(Records to process Opens)

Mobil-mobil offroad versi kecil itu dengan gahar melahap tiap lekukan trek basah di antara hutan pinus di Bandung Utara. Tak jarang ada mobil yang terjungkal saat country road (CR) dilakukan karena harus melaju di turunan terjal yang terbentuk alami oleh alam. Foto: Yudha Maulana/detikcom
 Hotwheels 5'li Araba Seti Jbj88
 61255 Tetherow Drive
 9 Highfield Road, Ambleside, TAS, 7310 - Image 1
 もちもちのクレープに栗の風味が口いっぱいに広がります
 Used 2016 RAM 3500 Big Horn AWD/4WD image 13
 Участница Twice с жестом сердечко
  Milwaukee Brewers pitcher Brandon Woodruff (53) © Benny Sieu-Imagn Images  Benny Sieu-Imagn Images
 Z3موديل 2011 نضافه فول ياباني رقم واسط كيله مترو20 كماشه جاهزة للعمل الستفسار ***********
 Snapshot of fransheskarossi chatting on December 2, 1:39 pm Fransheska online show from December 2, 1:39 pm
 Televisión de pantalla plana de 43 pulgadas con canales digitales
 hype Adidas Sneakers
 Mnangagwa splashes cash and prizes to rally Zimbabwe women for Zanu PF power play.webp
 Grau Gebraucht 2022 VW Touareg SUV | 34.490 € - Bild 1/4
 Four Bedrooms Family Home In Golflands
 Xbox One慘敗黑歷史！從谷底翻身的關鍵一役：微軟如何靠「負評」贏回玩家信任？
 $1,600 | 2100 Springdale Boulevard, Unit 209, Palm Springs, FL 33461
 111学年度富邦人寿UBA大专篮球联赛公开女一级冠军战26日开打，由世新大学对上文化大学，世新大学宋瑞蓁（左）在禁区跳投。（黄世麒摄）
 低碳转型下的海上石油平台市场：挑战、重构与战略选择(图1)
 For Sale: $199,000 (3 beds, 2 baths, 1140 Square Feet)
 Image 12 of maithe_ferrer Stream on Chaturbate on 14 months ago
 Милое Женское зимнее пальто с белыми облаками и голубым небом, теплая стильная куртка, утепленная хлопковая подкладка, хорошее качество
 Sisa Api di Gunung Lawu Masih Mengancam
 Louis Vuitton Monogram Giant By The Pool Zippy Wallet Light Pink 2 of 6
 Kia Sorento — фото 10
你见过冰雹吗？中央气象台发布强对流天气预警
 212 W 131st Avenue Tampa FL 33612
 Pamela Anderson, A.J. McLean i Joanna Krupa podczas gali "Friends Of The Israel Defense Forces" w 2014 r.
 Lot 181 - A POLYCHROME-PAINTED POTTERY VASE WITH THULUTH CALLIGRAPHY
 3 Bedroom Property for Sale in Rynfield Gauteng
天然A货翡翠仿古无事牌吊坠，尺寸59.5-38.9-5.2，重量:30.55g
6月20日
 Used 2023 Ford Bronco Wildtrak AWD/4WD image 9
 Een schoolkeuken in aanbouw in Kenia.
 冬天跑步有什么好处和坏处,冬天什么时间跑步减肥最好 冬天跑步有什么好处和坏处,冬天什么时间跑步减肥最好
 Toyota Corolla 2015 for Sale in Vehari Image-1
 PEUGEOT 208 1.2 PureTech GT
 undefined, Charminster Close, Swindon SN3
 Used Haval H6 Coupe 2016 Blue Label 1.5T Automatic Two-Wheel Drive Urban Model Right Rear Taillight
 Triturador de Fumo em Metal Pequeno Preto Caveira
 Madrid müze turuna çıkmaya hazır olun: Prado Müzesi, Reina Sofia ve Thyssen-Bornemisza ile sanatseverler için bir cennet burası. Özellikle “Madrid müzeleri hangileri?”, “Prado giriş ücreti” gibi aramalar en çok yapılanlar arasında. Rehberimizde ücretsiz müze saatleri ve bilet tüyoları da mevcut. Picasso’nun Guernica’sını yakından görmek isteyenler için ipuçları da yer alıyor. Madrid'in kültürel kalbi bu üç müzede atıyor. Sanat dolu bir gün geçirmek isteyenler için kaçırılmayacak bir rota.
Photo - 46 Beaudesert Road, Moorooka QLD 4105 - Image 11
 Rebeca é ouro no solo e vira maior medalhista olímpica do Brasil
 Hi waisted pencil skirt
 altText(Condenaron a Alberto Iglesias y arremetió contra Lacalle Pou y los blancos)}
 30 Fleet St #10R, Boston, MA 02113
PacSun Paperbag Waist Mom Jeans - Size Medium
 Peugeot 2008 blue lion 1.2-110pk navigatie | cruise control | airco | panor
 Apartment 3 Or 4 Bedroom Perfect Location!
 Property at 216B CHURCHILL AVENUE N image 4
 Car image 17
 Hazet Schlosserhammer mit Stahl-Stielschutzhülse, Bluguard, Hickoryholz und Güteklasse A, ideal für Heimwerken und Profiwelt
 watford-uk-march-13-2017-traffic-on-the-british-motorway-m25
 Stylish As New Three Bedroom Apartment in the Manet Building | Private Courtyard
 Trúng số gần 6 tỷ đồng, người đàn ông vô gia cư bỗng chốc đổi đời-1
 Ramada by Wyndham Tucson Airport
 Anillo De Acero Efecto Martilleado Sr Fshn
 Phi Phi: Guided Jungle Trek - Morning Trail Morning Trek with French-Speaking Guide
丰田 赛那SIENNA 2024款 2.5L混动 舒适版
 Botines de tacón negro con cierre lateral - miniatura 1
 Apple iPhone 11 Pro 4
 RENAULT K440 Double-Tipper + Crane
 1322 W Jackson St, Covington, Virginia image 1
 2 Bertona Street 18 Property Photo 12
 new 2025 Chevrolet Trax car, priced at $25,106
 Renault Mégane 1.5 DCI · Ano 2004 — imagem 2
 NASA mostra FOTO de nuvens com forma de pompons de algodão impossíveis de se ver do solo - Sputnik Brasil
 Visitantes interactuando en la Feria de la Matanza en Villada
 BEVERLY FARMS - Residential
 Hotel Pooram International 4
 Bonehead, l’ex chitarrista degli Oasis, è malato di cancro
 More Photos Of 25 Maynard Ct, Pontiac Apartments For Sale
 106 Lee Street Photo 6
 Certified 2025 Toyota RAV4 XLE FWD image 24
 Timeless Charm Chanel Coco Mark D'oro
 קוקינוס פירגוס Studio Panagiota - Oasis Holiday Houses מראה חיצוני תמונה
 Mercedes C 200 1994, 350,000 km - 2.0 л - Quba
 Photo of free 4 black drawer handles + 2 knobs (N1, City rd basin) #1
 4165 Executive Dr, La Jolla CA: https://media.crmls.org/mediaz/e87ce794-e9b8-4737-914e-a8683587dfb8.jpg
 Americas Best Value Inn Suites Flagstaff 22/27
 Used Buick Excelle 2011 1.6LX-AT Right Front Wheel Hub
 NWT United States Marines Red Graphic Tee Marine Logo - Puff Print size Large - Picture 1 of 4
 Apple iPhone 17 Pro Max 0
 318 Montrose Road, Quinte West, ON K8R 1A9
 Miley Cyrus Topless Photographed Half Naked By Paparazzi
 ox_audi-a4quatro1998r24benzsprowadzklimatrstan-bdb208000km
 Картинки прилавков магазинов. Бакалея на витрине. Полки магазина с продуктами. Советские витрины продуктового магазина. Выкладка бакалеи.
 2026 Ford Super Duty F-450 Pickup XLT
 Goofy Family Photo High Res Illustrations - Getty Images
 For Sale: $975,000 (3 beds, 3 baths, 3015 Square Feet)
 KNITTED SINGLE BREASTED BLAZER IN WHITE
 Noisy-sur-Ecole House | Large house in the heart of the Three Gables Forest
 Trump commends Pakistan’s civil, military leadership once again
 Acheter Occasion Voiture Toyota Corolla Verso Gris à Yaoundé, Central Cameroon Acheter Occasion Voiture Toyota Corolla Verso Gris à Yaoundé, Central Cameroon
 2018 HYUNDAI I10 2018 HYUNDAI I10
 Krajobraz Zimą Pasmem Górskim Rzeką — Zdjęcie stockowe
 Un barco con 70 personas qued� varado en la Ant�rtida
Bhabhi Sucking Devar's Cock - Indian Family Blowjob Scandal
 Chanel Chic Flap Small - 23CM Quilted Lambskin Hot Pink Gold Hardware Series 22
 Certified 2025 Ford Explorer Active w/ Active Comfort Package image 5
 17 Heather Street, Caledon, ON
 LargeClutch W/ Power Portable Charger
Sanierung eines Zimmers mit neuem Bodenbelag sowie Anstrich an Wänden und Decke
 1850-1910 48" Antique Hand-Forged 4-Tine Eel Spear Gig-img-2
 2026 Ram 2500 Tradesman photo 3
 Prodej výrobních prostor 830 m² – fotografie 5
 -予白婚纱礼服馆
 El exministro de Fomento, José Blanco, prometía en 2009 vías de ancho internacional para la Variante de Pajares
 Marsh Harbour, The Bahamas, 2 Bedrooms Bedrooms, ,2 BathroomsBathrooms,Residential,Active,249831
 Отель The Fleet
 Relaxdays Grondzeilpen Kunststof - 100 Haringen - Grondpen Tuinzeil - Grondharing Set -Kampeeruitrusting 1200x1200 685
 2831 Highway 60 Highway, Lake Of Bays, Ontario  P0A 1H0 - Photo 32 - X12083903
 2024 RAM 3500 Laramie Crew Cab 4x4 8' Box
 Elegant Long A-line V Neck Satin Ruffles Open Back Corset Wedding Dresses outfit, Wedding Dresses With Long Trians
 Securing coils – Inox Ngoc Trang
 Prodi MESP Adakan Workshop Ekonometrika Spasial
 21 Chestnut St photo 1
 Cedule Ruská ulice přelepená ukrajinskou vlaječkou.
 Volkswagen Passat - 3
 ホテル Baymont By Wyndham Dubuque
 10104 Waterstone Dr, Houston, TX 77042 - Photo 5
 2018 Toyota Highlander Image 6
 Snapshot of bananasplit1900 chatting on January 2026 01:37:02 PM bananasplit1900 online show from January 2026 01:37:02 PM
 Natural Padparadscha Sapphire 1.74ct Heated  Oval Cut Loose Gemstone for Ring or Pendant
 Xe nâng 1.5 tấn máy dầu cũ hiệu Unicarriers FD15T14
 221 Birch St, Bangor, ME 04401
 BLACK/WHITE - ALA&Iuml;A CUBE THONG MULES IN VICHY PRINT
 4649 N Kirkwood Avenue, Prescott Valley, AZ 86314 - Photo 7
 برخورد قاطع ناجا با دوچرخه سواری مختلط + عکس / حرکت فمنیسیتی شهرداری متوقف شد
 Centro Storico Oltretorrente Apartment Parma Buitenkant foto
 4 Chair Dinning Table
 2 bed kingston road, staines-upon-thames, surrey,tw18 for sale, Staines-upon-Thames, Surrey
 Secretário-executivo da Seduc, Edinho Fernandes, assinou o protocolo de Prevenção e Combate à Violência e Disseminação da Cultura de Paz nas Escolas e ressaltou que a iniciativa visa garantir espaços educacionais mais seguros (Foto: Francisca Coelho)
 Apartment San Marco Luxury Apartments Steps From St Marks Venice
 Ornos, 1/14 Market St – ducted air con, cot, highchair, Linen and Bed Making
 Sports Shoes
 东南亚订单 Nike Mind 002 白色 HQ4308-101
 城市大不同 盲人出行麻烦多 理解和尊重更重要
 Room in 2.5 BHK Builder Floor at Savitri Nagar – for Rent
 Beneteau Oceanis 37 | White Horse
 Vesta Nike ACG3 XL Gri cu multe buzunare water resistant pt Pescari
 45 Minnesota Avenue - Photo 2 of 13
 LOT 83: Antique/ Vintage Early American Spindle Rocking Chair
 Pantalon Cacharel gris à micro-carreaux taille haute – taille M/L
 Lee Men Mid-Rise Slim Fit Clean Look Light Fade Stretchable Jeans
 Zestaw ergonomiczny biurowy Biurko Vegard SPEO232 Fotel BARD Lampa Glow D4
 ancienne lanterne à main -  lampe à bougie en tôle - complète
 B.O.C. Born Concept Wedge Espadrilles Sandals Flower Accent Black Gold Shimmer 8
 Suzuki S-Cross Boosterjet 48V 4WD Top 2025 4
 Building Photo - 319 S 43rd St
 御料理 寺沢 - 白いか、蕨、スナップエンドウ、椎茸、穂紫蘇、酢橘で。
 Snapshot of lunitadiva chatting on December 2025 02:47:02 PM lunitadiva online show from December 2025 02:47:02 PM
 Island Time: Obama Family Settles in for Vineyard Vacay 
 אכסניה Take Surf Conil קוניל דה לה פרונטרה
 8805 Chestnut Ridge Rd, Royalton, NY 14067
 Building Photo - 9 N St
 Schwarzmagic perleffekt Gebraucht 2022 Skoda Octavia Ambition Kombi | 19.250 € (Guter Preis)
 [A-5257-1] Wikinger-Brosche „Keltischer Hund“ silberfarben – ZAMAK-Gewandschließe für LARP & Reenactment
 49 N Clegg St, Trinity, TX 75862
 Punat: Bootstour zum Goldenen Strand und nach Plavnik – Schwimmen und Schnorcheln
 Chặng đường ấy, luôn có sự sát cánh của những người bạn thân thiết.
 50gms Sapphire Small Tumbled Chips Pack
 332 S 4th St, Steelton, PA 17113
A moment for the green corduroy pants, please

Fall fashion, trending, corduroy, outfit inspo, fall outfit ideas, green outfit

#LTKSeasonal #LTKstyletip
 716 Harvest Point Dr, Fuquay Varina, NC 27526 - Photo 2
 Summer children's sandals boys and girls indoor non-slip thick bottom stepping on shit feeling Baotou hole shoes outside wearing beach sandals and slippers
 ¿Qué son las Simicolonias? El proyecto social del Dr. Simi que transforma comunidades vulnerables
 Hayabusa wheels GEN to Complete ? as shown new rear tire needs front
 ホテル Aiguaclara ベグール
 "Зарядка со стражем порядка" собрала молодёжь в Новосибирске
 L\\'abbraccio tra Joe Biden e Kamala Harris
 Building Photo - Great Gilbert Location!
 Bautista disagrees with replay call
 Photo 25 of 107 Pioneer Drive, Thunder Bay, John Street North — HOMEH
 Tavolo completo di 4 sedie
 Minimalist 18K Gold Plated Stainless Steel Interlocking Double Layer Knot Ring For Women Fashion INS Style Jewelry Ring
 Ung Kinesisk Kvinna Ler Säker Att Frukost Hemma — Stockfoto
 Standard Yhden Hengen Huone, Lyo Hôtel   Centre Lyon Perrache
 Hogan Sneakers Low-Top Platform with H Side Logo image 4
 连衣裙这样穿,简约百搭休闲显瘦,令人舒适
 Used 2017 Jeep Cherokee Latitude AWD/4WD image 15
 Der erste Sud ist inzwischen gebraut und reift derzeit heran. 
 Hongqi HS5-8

(Records to process Closes)

From the records above, reproduce exactly the lines from the one with "Zestaw ergonomiczny biurowy" to the one with "Bautista disagrees with replay call", both included, and no others.

» Answer to this problem:
 Zestaw ergonomiczny biurowy Biurko Vegard SPEO232 Fotel BARD Lampa Glow D4
 ancienne lanterne à main -  lampe à bougie en tôle - complète
 B.O.C. Born Concept Wedge Espadrilles Sandals Flower Accent Black Gold Shimmer 8
 Suzuki S-Cross Boosterjet 48V 4WD Top 2025 4
 Building Photo - 319 S 43rd St
 御料理 寺沢 - 白いか、蕨、スナップエンドウ、椎茸、穂紫蘇、酢橘で。
 Snapshot of lunitadiva chatting on December 2025 02:47:02 PM lunitadiva online show from December 2025 02:47:02 PM
 Island Time: Obama Family Settles in for Vineyard Vacay 
 אכסניה Take Surf Conil קוניל דה לה פרונטרה
 8805 Chestnut Ridge Rd, Royalton, NY 14067
 Building Photo - 9 N St
 Schwarzmagic perleffekt Gebraucht 2022 Skoda Octavia Ambition Kombi | 19.250 € (Guter Preis)
 [A-5257-1] Wikinger-Brosche „Keltischer Hund“ silberfarben – ZAMAK-Gewandschließe für LARP & Reenactment
 49 N Clegg St, Trinity, TX 75862
 Punat: Bootstour zum Goldenen Strand und nach Plavnik – Schwimmen und Schnorcheln
 Chặng đường ấy, luôn có sự sát cánh của những người bạn thân thiết.
 50gms Sapphire Small Tumbled Chips Pack
 332 S 4th St, Steelton, PA 17113
A moment for the green corduroy pants, please

Fall fashion, trending, corduroy, outfit inspo, fall outfit ideas, green outfit

#LTKSeasonal #LTKstyletip
 716 Harvest Point Dr, Fuquay Varina, NC 27526 - Photo 2
 Summer children's sandals boys and girls indoor non-slip thick bottom stepping on shit feeling Baotou hole shoes outside wearing beach sandals and slippers
 ¿Qué son las Simicolonias? El proyecto social del Dr. Simi que transforma comunidades vulnerables
 Hayabusa wheels GEN to Complete ? as shown new rear tire needs front
 ホテル Aiguaclara ベグール
 "Зарядка со стражем порядка" собрала молодёжь в Новосибирске
 L\\'abbraccio tra Joe Biden e Kamala Harris
 Building Photo - Great Gilbert Location!
 Bautista disagrees with replay call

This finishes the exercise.